So I can't say for sure either way right now. If I had to guess then I think it works, although I'm not sure about extremely large returns.

devilhtc commented 6 years ago

Great, my teammates can't do shit and I probably don't have more time running down this rabbit hole (I learned a lot though). Sorry for intruding into your repo, you can close this issue any time. But I thought about the problems:

Is softmax problematic? Since it first mapped 'scores' for each stock to a exponential scale. Slight changes in the scores, in their EIIE implementation, can result in large change in distribution. I would say a sigmoid + normalization might work better at the end.
Can other architectures help e.g. actor-critic? We are receiving a concrete reward at each time step, but it might be bad for learning. Using a critic to guide the network might be better. Well, I guess if there is any progress in this front we would know how it goes. Thank you!

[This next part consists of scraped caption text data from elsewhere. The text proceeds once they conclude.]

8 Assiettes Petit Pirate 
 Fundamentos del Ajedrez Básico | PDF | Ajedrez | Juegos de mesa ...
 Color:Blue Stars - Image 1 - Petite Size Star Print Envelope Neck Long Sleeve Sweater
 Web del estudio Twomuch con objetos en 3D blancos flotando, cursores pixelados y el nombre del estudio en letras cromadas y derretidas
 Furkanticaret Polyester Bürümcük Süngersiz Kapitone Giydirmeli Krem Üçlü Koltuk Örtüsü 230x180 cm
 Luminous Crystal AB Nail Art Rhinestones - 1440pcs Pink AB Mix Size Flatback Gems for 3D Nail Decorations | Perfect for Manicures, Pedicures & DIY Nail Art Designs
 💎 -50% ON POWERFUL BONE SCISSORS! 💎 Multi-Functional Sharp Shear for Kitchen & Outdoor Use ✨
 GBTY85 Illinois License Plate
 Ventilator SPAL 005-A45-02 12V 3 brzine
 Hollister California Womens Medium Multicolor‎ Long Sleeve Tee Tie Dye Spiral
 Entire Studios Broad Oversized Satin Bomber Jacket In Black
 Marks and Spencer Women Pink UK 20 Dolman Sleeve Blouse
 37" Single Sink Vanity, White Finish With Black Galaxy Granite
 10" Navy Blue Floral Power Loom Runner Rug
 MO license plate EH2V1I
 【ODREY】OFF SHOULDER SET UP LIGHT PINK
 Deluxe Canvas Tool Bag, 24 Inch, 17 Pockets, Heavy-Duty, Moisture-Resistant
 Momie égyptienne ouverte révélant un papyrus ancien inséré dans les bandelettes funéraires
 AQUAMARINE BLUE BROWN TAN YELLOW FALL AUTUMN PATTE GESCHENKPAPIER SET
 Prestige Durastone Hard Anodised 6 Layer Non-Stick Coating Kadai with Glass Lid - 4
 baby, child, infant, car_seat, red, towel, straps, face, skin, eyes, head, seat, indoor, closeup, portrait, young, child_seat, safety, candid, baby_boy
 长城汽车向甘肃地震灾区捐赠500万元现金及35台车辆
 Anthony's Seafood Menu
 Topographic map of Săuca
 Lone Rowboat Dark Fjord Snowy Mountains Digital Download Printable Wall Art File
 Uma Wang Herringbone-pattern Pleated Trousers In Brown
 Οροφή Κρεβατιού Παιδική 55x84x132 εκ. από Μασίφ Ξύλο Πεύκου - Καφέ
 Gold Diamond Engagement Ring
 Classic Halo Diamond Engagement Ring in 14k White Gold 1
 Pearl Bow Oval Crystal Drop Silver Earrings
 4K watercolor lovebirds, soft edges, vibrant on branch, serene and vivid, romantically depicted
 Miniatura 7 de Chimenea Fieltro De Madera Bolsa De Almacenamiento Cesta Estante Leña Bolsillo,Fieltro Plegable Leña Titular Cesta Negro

wassname commented 6 years ago

I agree, I tried putting is last weights as log(last_weights) to counteract the softmax but didn't help much
I've tried a bunch of things and it seems that having a critic or a stochastic output hurts it in general even if the critic_loss converges and the output distribution is narrow.

One other things I noticed is that going through the data in sequential order seems to help. Perhaps it helps reinforce temporary patterns.

Yeah it's a frustrating problem! And RL is quite tricky since there aren't many kaggle competitions to learn tricks from.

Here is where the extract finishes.